Special Issue "Application of Ecohydrology Approach for Mitigation of Freshwater Ecosystems Contamination"

A special issue of Water (ISSN 2073-4441). This special issue belongs to the section "Aquatic Systems—Quality and Contamination".

Deadline for manuscript submissions: closed (30 September 2020).

Special Issue Editor

Assoc. Prof. Magdalena Urbaniak
E-Mail Website1 Website2
Guest Editor
University of Lodz and European Regional Centre for Ecohydrology of the Polish Academy of Sciences, Poland
Interests: ecohydrology; hydrology; ecology; molecular biology; environmental biotechnology; environmental bioremediation; phytoremediation; environmental chemistry; ecotoxicology

Special Issue Information

Dear Colleagues,

Global climate change affects both quantitative and qualitative variations of water resources. This in turn is reflected in the disturbances of the hydrological cycle and water flow in rivers. It is expected that the frequency and intensity of periods of floods and droughts will also be distorted, thus affecting the economic and sociological development of regions. Since water is the primary medium responsible for the transport of matter, nutrients, and pollutants from the catchment, these processes will also influence the concentrations and loads of pollutants in freshwater ecosystems such as rivers, lakes, and dam reservoirs. All these changes have a profound impact not only on water, and water-related environment but also socioeconomic wellbeing. It is crucial, therefore, to monitor and mitigate the degradation/pollution level of freshwater ecosystems, as such reduction will contribute to securing the quality of the environment and the health of the population and enable us to achieve the goals of the European Union strategy in the field of water policy.

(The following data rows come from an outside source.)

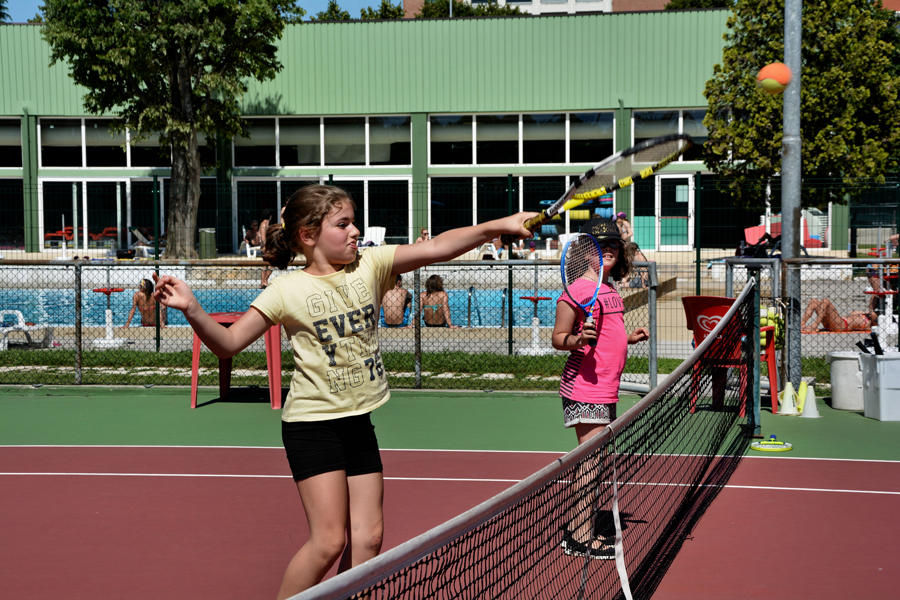 Scuola Tennis Monza, un mese di prove gratuite per ragazzi e adulti al centro sportivo Triante
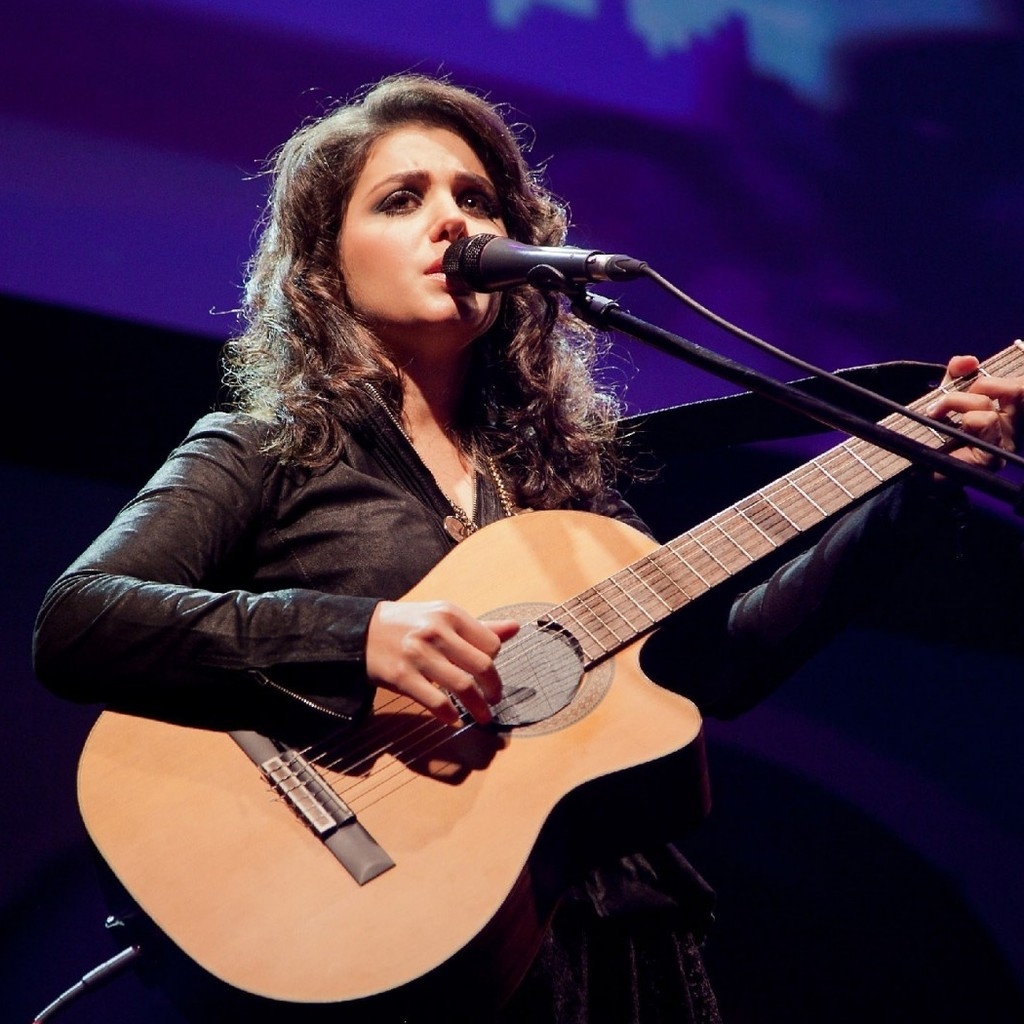 Katie Melua Performing on Stage for 1024 x 1024 iPad resolution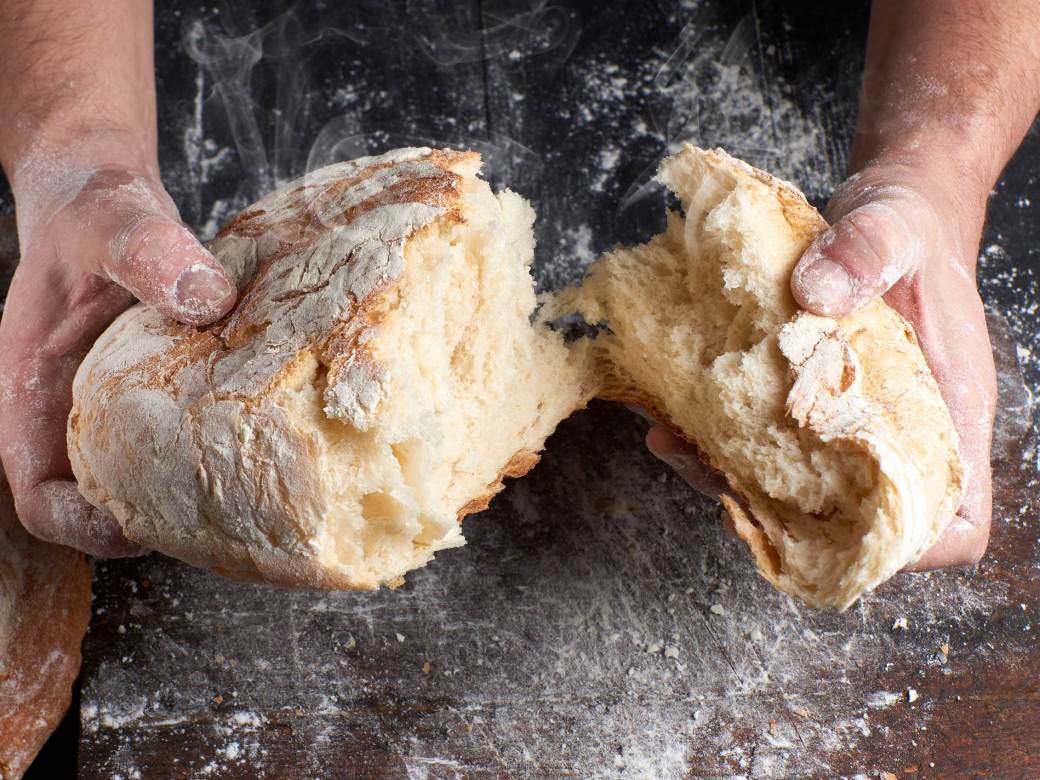  Džejmi Oliver kaže: Za dobar hleb potrebna su vam samo dva sastojka!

According to the principles of ecohydrology (Zalewski, 2000), the first step toward reducing and/or reversing the degree of degradation of the water ecosystem is a thorough assessment of its condition. This assessment should include a broad spectrum of analyses of the given ecosystem pollution status in relation to the individual components of the environment (identification of threats), together with the interactions and processes that determine the pollution status (analysis of cause–effect relationships), and then using the knowledge of these links to improve the quality of the environment (developing methods and tools for reduction of identified threats).

In sight of this, the main goal of this Special Issue is to bring together studies looking into (1) the pollution of freshwater ecosystems, (2) the roles played by the factors and processes determining ecosystem pollution status and (3) the nature-based solutions enabling safe remediation of the contaminated environmental matrices. Papers focused on the chemical and biological contaminants and the hydrological and biogeochemical processes in freshwater ecosystems, as well as the nature-based solutions to protect, sustainably manage, and restore of aquatic environment, will be considered for publication.

Assoc. Prof. Magdalena Urbaniak
Guest Editor

Manuscript Submission Information

Manuscripts should be submitted online at www.mdpi.com by registering and logging in to this website. Once you are registered, click here to go to the submission form. Manuscripts can be submitted until the deadline. All papers will be peer-reviewed. Accepted papers will be published continuously in the journal (as soon as accepted) and will be listed together on the special issue website. Research articles, review articles as well as short communications are invited. For planned papers, a title and short abstract (about 100 words) can be sent to the Editorial Office for announcement on this website.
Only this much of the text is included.